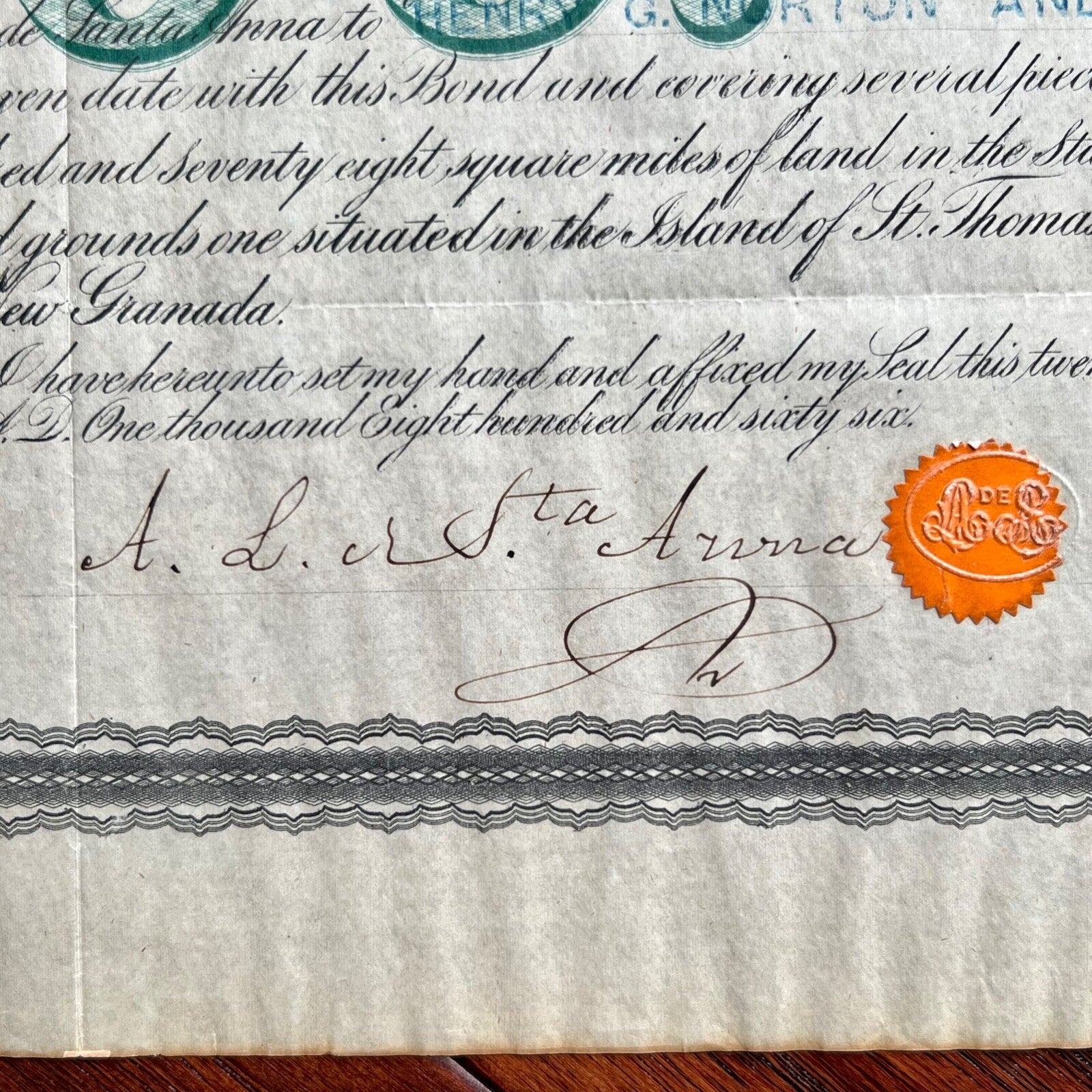 ANTONIO LOPEZ DE SANTA ANNA * PSA/DNA * Autograph Bond Certificate Signed Alamo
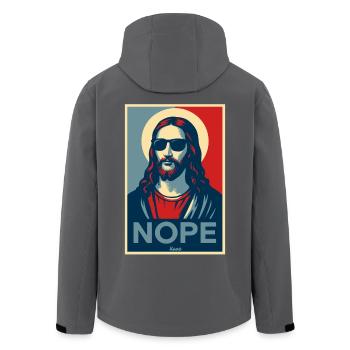 Jesus-Mann mit Heiligenschein und Sonnenbrille - Recycelte Männer Softshell-Jacke von Stanley/Stella - Anthrazit - Hinten - AI Model Male 185 light (185cm)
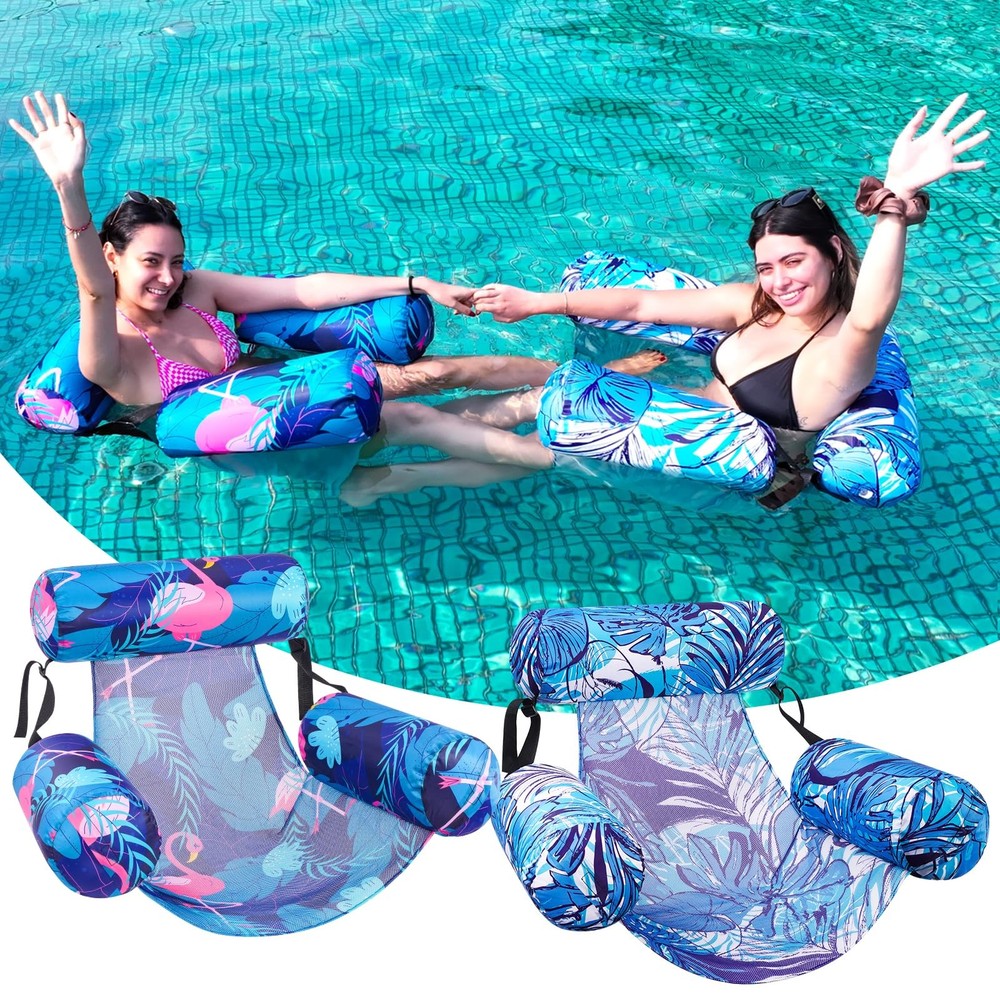 Inflatable Pool Float Chair 2 Pack Pool Floats Adult Heavy Duty, Water Float…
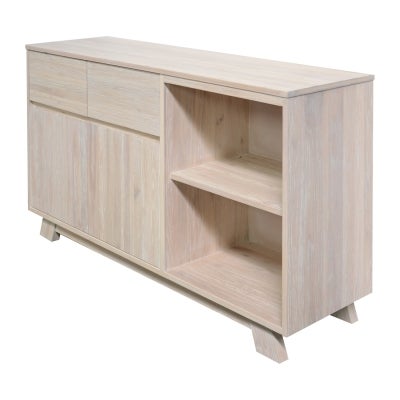 Harold Mountain Ash Timber 2 Door 2 Drawer Buffet Table, 160cm, White Wash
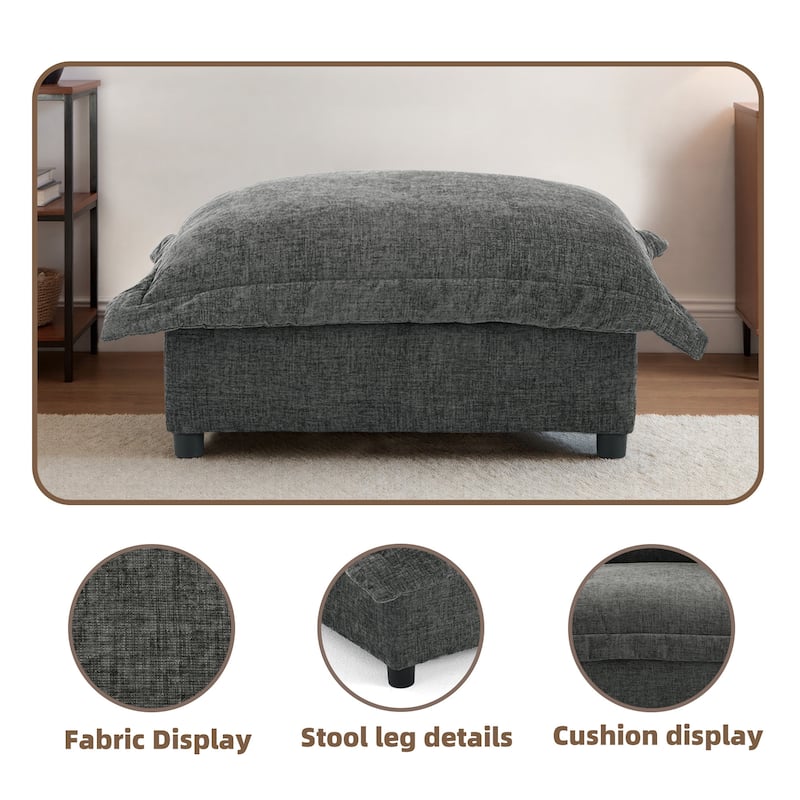Double Layer Cushion Comfy Cloud Modular Sectional Sofa Couch Ottoman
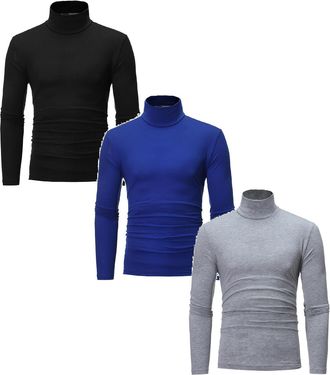 Generic Mens Turtleneck Jumper Long Sleeve Roll Neck,Mens Thermal Baselayer Top - Combed Cotton Sweater, Roll Neck Jumper, Breathable, Quick Drying & Fitted S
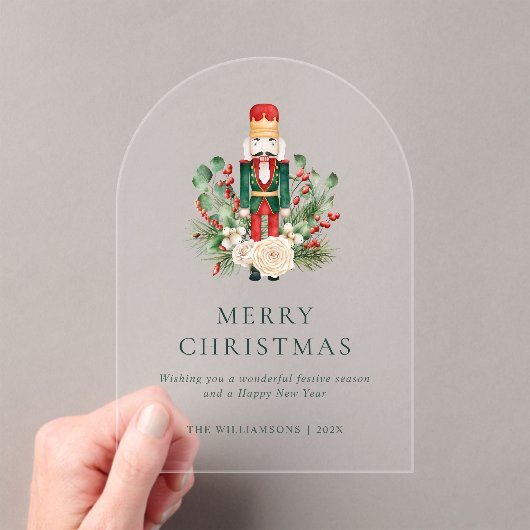 Weihnachts Nutcracker Grüne Festlich Acryleinladungen (Insitu (Handheld))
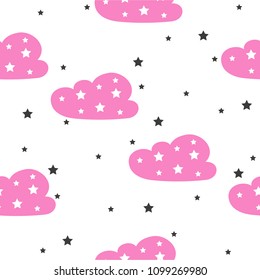 Seamless pattern with clouds and stars. Cute clouds for trendy baby clothes and textiles. Children's pattern.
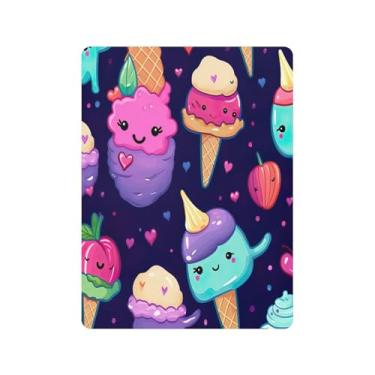 Imagem de Blueangle Lençóis de berço com casquinhas de sorvete 99 x 68 cm - Roupa de cama portátil de algodão para berçário (110)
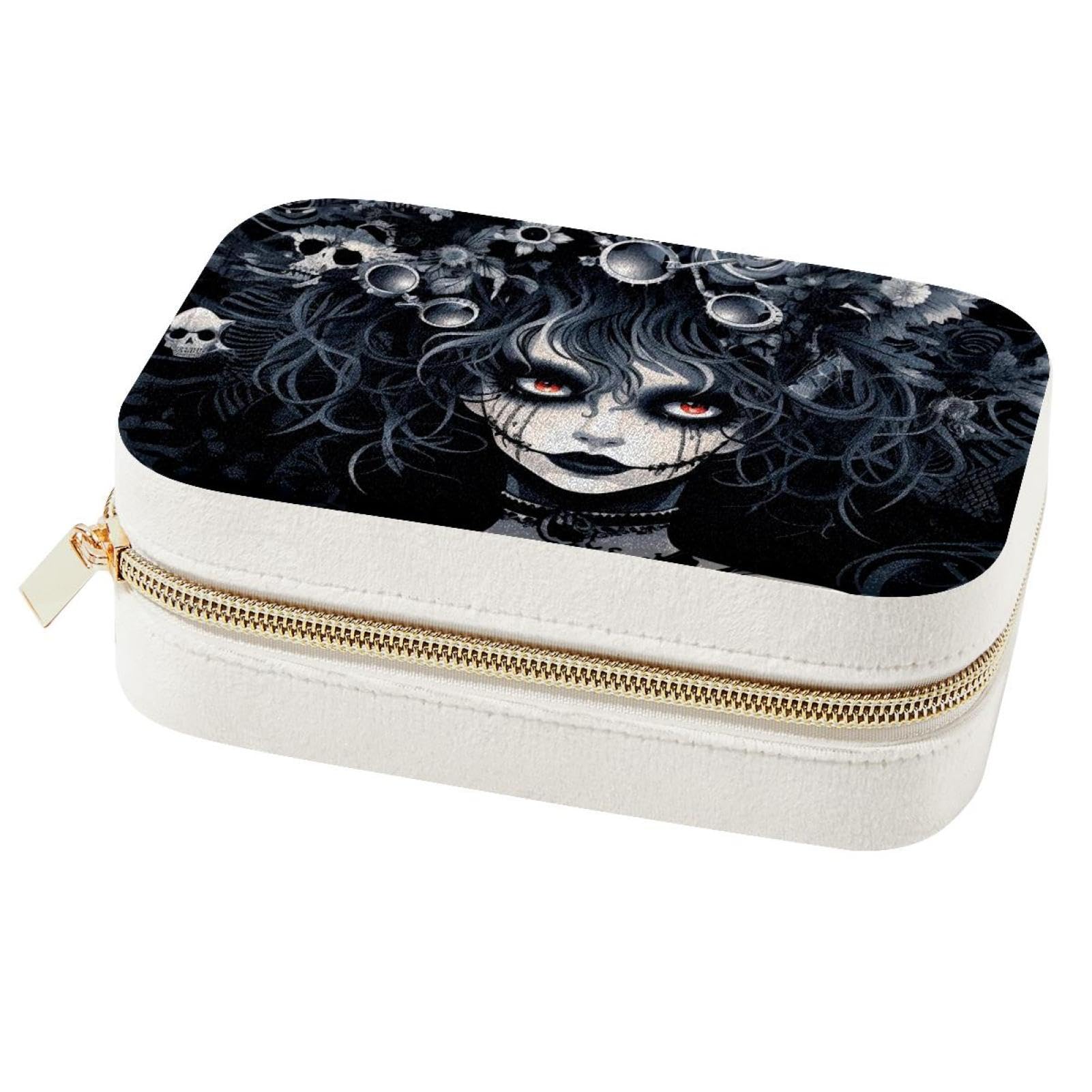 Boîte à bijoux portable noire pour voyage et rangement de colliers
* * *
PROBLEM DETAILS - Give back exactly the lines above from the one with "Seamless pattern with" through the one with "Imagem de Blueangle", both included. Pictures don't belong in the copy.

RESPONSE BOX -
 Seamless pattern with clouds and stars. Cute clouds for trendy baby clothes and textiles. Children's pattern.
 Imagem de Blueangle Lençóis de berço com casquinhas de sorvete 99 x 68 cm - Roupa de cama portátil de algodão para berçário (110)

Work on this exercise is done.